Riassumiamo: il ma limitativo può essere preceduto da un punto fermo, può aprire un nuovo blocco di testo e può aprire addirittura l’intero testo.
Resta però da dare ancora un avvertimento, molto importante. Questi usi del ma che si distaccano dall’uso puramente “grammaticale” sono variamente accettabili nei diversi tipi di testo. Il primo e il secondo uso sono del tutto normali in quei tipi di testo (saggio critico di qualsiasi materia, articolo di giornale, lettera privata, racconto, componimento poetico) nei quali è pienamente funzionale che il lettore faccia quelle operazioni mentali di saldatura o integrazione dei passaggi grammaticali; il terzo uso, ancora più marcato, si addice propriamente ai testi che si avvicinano molto allo scambio comunicativo del parlato o vogliono indurre il lettore a un’intensa riflessione sul “non detto”. Nel loro insieme gli usi in questione sono dunque liberamente ammessi nei tipi di testo che possiamo definire “elastici” (quando più, quando meno), un tratto che serve a stimolare la mente del ricevente. Tutti e tre questi usi non sono invece accettabili in quei tipi di testo che possiamo definire “rigidi”, nei quali non ci dev’essere alcun margine per libere integrazioni della mente del lettore, e tali sono i testi normativi ufficiali (leggi, contratti e simili) e i testi scientifici e tecnici di estrema precisione. Testi importanti anche questi, naturalmente, dei quali dobbiamo far conoscere agli alunni le caratteristiche, anche se ne produciamo o leggiamo in minor numero.
E c’è ancora un codicillo: ciò che si osserva nell’uso del ma si presenta anche con le altre congiunzioni! Soprattutto con e, ma perfino con le congiunzioni subordinanti, con le quali può succedere che dopo una pausa vedano subentrare l’indicativo all’altrimenti dovuto congiuntivo: «furon marito e moglie; benché la poveretta se ne pentì» scrive correttamente Manzoni (e così tanti altri). Non si tratta di casi rari o di “licenze” dello scrittore, ma di trasformazioni che avvengono normalmente “nella superficie” del testo, e dunque non contravvengono alla grammatica: nella citazione manzoniana basta reintegrare un passaggio sottinteso, che contiene la frase concessiva puramente logica «...; benché [si debba sapere che] la poveretta se ne pentì», e i conti con la grammatica tornano. Si tratta, ripetiamo, di fenomeni della realtà testuale della lingua (quella che conta nella comunicazione) e per questo si suol dire che le congiunzioni in tali casi hanno una funzione testuale e non semplicemente “grammaticale” . L’alunno (e chiunque altro) che scriva abbastanza di getto, segue la pista della “testualità” e perciò attua, anche inconsapevolmente, le regole della comunicazione. Dobbiamo però portarlo, con la dovuta gradualità e appropriate spiegazioni, alla consapevolezza di tali regole, perché le applichi con maggiore discernimento.

 

II. Proviamo un modello semplice per la sintassi della frase (aggirando la selva dei complementi) .

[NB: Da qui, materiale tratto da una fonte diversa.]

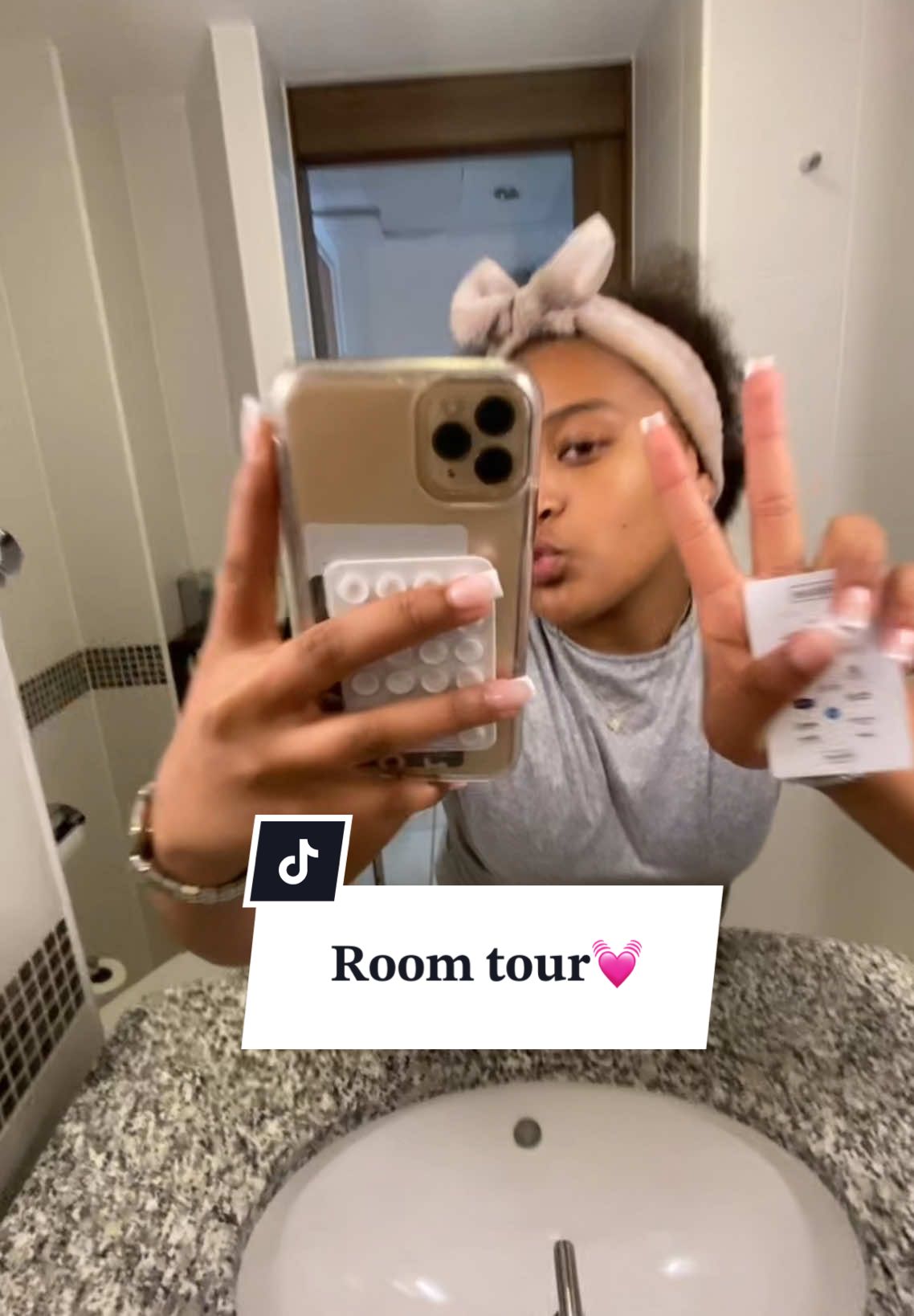 Hotel room tour 😍 #hamptonbyhilton #hiltonhotel #hampton #centralcee @hilton #fyppppppppppppppppppp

La faccenda dei “complementi”, che non si sa mai bene quanti siano e come vadano classificati, è un altro scoglio del nostro insegnamento grammaticale tradizionale. Ciò che si stenta a riconoscere in questo campo è che la definizione dei cosiddetti complementi (fatta eccezione per il complemento oggetto) rientra molto di più nella semantica che non nella sintassi: è un tentativo di inquadrare in concetti­tipo (colpa, pena, mezzo, prezzo, fine, causa, vantaggio, modo, distribuzione, ...) la nostra visione del mondo (azioni umane, eventi vari), ma per quanto si voglia essere sottili, l’interpretazione di tali espressioni finisce con l’essere approssimativa e controversa. Quando dico «si viaggia più comodamente in treno», posso voler indicare il mio “stare (seduto)” in treno o il fatto che il treno è un “mezzo” per raggiungere un luogo. L’espressione «ti ho detto queste cose per burla» può indicare un “modo” o un “fine” del mio dire. Recentemente si è accesa una disputa (in una scuola di Palermo) per stabilire se nella frase «dalla mia finestra vedo il mare» ci sia un complemento di “stato in luogo” (“quando sto davanti alla mia finestra ...”) o di “moto da luogo” (da definire perlomeno figurato) riferito allo sguardo “che da quel punto va al mare”; con la possibilità, aggiungiamo, che si possa definirlo anche di “moto per luogo”, perché lo sguardo “passa per la finestra” e perfino (perché no?) di “moto a luogo”, perché propriamente vedere significa “ricevere l’immagine che viene al mio occhio e al mio cervello”!
Si facciano pur fare esercizi di questo tipo (che furono ideati per aiutare a tradurre dall’italiano in latino), sapendo però che essi possono forse abituare a chiarire una serie di aspetti della realtà espressi con quelle parole, ma non spiegano certo come è costruita la frase. Il vero obiettivo nel campo della sintassi (dal greco syn e taxis “collocazione di elementi in un gruppo”) è invece quello di descrivere la struttura complessiva di questo organismo, sul quale si imposta ogni nostro discorso: e questo si ottiene se riusciamo a cogliere unitariamente le relazioni tra tutti gli elementi che possono entrare in una frase.
Mi propongo di tracciare qui alcune linee di riflessione su questo tema, sufficienti, credo, per indirizzare il lettore verso un metodo e un modello molto più rispondenti agli obiettivi da raggiungere in questa parte dello studio grammaticale.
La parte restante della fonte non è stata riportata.